Desde mi primer recuerdo está ya esta interior distancia desolada. Nadie la ve, y yo pronto me adiestro en ocultarla. Aprendo los gestos de las emociones, ya para reproducirlos si es preciso, ya, más frecuentemente, para no desentonar con ellos ni llamar la atención. Un instinto me hace temer que se sospeche de mí que no comparto tan profundos vínculos; tengo la sensación de que es muy peligroso, y por eso lo esconderé toda la vida.
Así he crecido. Los demás veían en mí una hermosa criatura. Yo encubría mi deformidad oculta e invisible, mi monstruosidad secreta de solitario fenómeno. Y hoy, cuando algún humano, ignorante de mi horrible ser, me dedica un gesto de bondad o de delicadeza, debo erguirme de golpe, volver el rostro y mirar a otra parte para no quebrantarme y sollozar. A veces aprovecho algún descuido generalizado para irme del lugar veloz y calladamente.
Me preguntó un amigo el otro día: “¿Qué es lo que te hace creer que nadie podría amarte?”
Las personas están juntas cuando aproximan sus cuerpos y comparten al hacerlo mudos saberes que ignoro. Pero la desolación que guardo, por cerca que mi cuerpo esté de otro, abre entre nosotros tal distancia que desaparezco en el horizonte. Me pierde el otro así, y yo también me pierdo. Porque, en el fondo, yo nunca he existido.
A la edad en que se aprende a ser, no aprendí; ni a ser como los demás, ni a ser como nadie. No reflejé lo que eran los humanos; me habitué a repetirlo, por cautela, sin entender ni sentir. Y tampoco nadie me reflejó a mí en mi rareza, único individuo de mi especie. Y sin espejo que uniera mis facciones, no conseguí tener ni tengo un rostro. Dispersos trozos de nadie que conjuga una mera ficción de la gramática me permiten jugar alucinadamente a que algo existe cuando digo “Yo”.
Hace unos meses quizá tuve la posibilidad de llegar a existir; creí reflejarme en otra mirada. Pero no habiéndome yo visto en una mirada originaria para saber ahora verme en ésta; y no habiendo confiado en la certeza sin palabras de un abrazo anterior a éste con que me tomaba él, primer abrazo que debía haber estado ahí cuando aún no existían, supongo, las palabras, y no estuvo; y no habiendo encontrado, pues, yo ciertas cosas al llegar a la vida, como todo esto nunca antes lo sentí, me asusté, porque no lo conocía.

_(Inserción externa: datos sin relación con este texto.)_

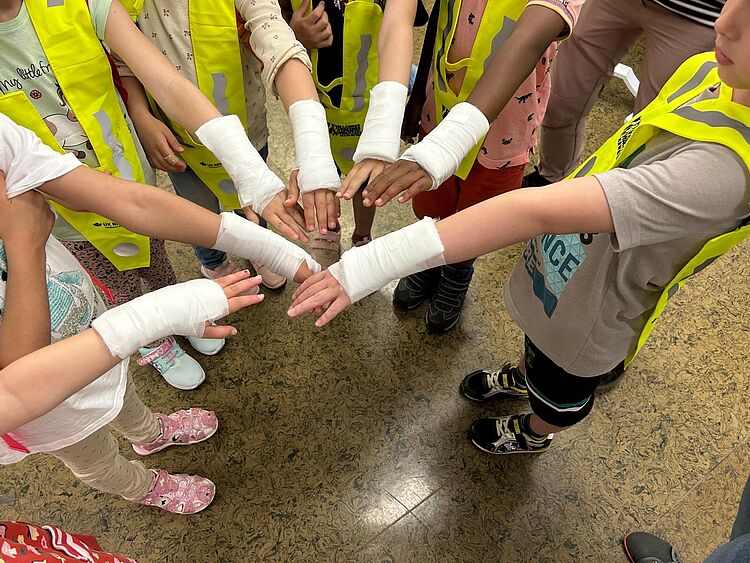 Sternenland_Notaufnahme-01_2025-06 Kinder halten ihren Arm mit Verband in die Mitte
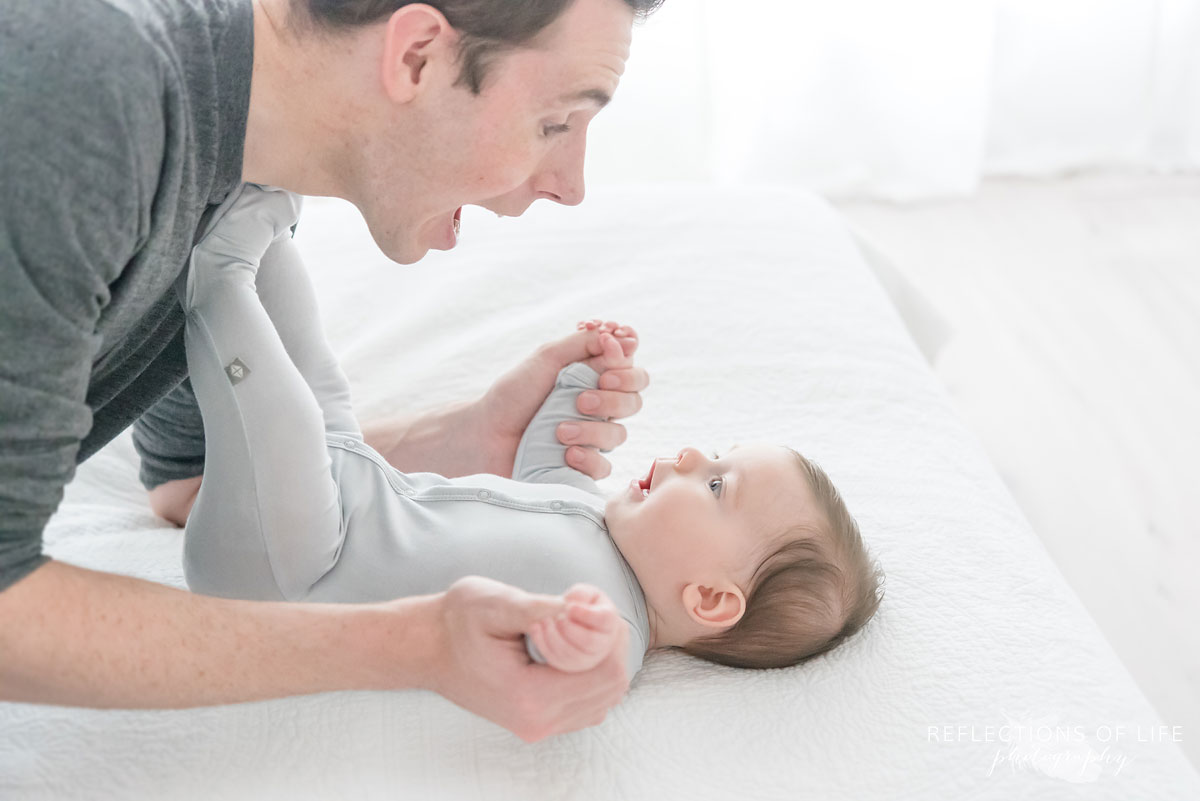 father and baby with open mouth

Así, no teniendo parte, por carecer de esta universal destreza, en lo que reúne a otros de modo menos equívoco, más veraz que las palabras, fuera estoy para siempre del hogar de los humanos. Y como sólo tengo la palabra, que es falsa y engañosa, he de forzarla a que no lo sea para mí; a que no distorsione, sino que transparente; a que revele, y no mienta; a que diga lo que soy, en vez de disfrazarme de otra cosa.
Porque si consigo hacerlo, aunque sea sólo un instante, en un fugaz poema, entonces la palabra, durante ese mísero minuto, no separa sino que comunica; y porque mientras dura ese minuto no hay distancia ni miedo ni desolación; por todo esto, desde la soledad, tempranamente he tomado la palabra.
Porque no tengo rostro ni consisto más que en desorden, vértigo y locura, pero si alzo la voz en un poema no hay lucidez que falte en su conjunto; y porque, mientras digo ese poema, tan coherente y real como el poema soy; por todo esto, desde el caos, yo he tomado la palabra.